Using the Mississippi River Watershed Module in Geomicrobiology

Wesley Swingley, Northern Illinois University

Course Description

About the Course


Level: Upper division, cross-listed between Biology and Geology also with heavy Environmental Studies student enrollment.
Size: 20 students
Format: In-person

Course specific exercise »

Role of microorganisms in diverse environments at and below the surface of the earth. Topics include life in extreme environments, biodegradation and remediation, biogeochemical cycling, and astrobiology examined from the perspectives of geochemistry, microbial ecology, molecular biology, and ecosystem studies.

... getting the students to think outside of their own discipline worked really well.

Explore the Mississippi River Watershed Module »

Relationship of the Mississippi Watershed Module to Your Course

Geochemical cycles are covered early in the semester, prior to implementing the module on nitrogen cycling, so students have experience with the major players. This section reinforces the main course content and expands the context to bigger picture issues.

Integrating the Module into Your Course

The course that I integrated this into is a geo microbiology course that goes over a lot of the topics that are related to the Mississippi River nitrogen module. The module really fit naturally into my course replacing an outside research activity with this module and adding it in after they had learned a lot of the prerequisite material covering elemental cycling and microbial impacts and all of that sort of stuff.

What Worked Well

I think getting the students to think outside of their own discipline worked really well, getting them to imagine some of the other perspectives and some of the broader perspectives and big picture ideas worked really well. And this course has a lot of that anyway within the scientific disciplines, but it was expanded out into some of the social sciences and the societal impacts I think really well.

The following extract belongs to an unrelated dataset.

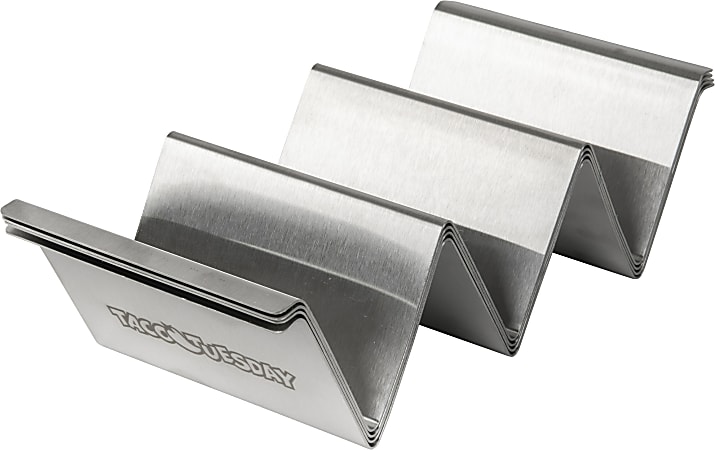 Taco Tuesday Stainless Steel 4-Piece Taco Holder Set, Silver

Challenges and How They Were Addressed

A lot of the challenges that I had are time constraints. It's always hard getting a new module into a course and getting students to not feel too overwhelmed by the extra work or the things that they see as outside of their course. The other big challenge I had was simply in the personality of the typical student. Getting them to challenge each other and to really ask hard questions and be challenging to one another, that's very hard for them. And so I always push them to have a welcoming open environment so that everybody can ask these challenging questions without it being a negative experience.

Student Response to the Module and Activities

I think the way I teach and the way I bring the module into class is a little bit maybe Helter Skelter. At first, there's a lot of information and a lot of things that I don't really tell them how everything fits into place. I don't tell them which slot is which shape. And so I think at the beginning a lot of students are a little overwhelmed and a little taken aback by that open-ended approach. I think most of the students responded pretty well once they got rolling and once they saw what the other groups were doing and what the module was saying. In the case of our wicked problem, I kind of wanted to give them that experience of being overwhelmed by the scale of things. And so they got that experience for better or worse.